To insure that information intended for one destination is not forwarded to a different destination or interpreted as housekeeping information, the channel equipment divides the channel signal into frames. Corresponding parts of all frames have the same purposes, and the channel equipment inserts into the frames unique patterns that establish the frame boundaries. If, in treating a given slice of the signal as a frame, channel equipment receiving the signal does not observe the known frame-establishing pattern in the predetermined locations, it "knows" that the slice is not really a frame and that its proposed frame boundaries should be slid along the signal until they define a slice in which the frame-indicating pattern is properly positioned.
Channel transmitters or repeaters must therefore transmit information in complete frames. However, transmitters and receivers in different channel links often employ separate clocks. The clocks are usually quite stable and accurate, but their frequencies nonetheless differ slightly in most systems. Data accordingly sometimes "pile up" or "run out" in a receiver's input buffer, and the receiver handles such situations by either slipping or repeating a frame in the signals that it forwards. This "slippage" is acceptable in normal operation of, say, voice channels, but it presents a problem in bit-error-rate measurement because a test system can report a large number of apparent errors if the timing of the expected pattern with which the test equipment compares the channel output is not adjusted for the frame "slip." The result is that the bit-error rate is greatly overstated.

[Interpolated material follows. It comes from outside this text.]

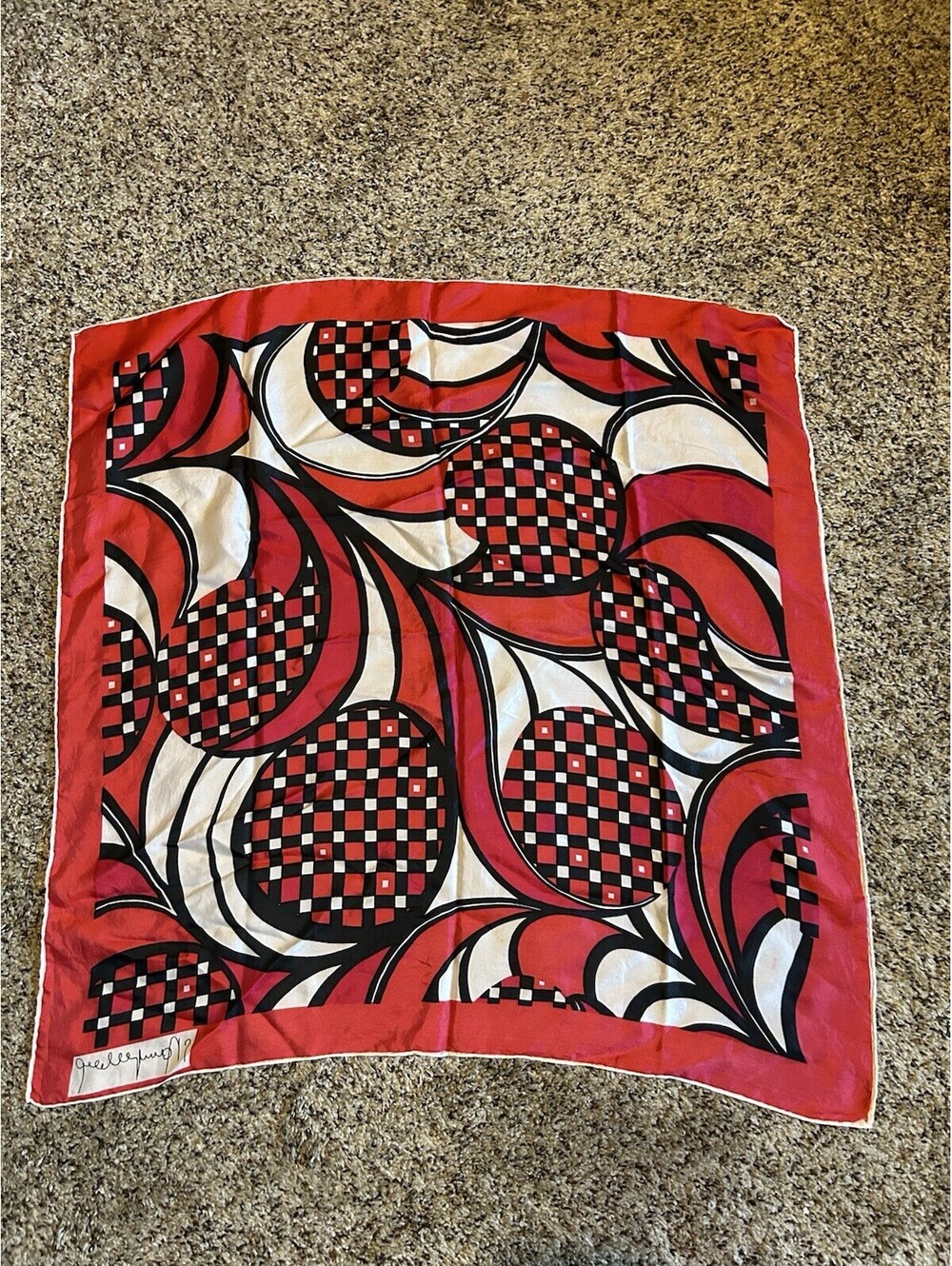 vintage silk designer scarf Signed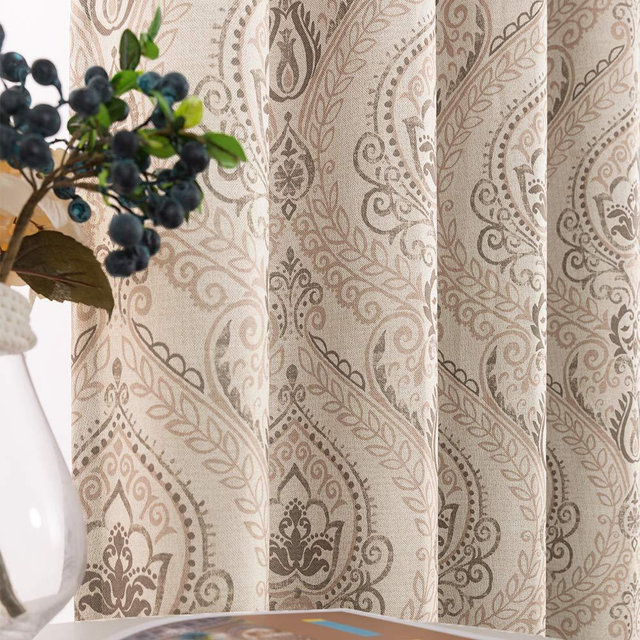 Medallion Linen Textured Curtains for Living Room 84 Inch Length Drapes Damask Pattern Flax Draperies Window Treatments Room Darkening Sliding Glass Doors for Bedroom Curtain Panels 1 Pair Taupe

Among the approaches that have been proposed for dealing with this problem is to count as only a single bit error bursts of errors that occur within a short interval. Such bursts are characteristic of frame slips; bit errors that result from frame slips ordinarily occur at a much greater rate than ordinary noise-based errors. However, frame slips are not the only causes of burst errors, so this approach provides only a rough compensation for the slip-error problem.
A more-direct approach, one that is based on explicit recognition of the frame size, is one in which successive segments of a predetermined test sequence are inserted at a given location in each successive transmitted frame. The segment of each frame into which the test segment has been inserted is monitored, and, since the inserted test sequence is known, a slip can be detected if a test-sequence segment is repeated or skipped. Such an approach is fairly effective at detecting slips, but it does not inherently provide a ready way to compensate for apparent bit errors that are counted before the slip is detected.
Another approach takes advantage of the properties of the shift-register-type pseudo-random-number generator that it employs to produce test input for the channel to be tested. Such pseudo-random-number generators apply as feedback to the first stage of a shift register the comparison of two selected subsequent stages, and the output of the last shift-register stage is the pseudo-random number. A generator at the receiving end identical to that at the transmitting end generates the expected sequence, and the test system ordinarily concludes that an error has occurred if a bit in the received signal differs from corresponding bits in the output of the receiver-side pseudo-random-number generator.
Without more, a slip could cause such a system to produce error indications. But that system's receiver has another shift register, whose first-stage input is the receiver signal. If the local pseudo-random-number generator does not successfully predict the received sequence but the comparison of the other shift register's selected stages does, the system recognizes that a slip has occurred. It thereby loads the second-shift-register contents into the local pseudo-random-number generator, and the expected-sequence signal is thereby resynchronized with the test-sequence signal. Such an approach limits the number of erroneous errors recorded, but it does not eliminate them.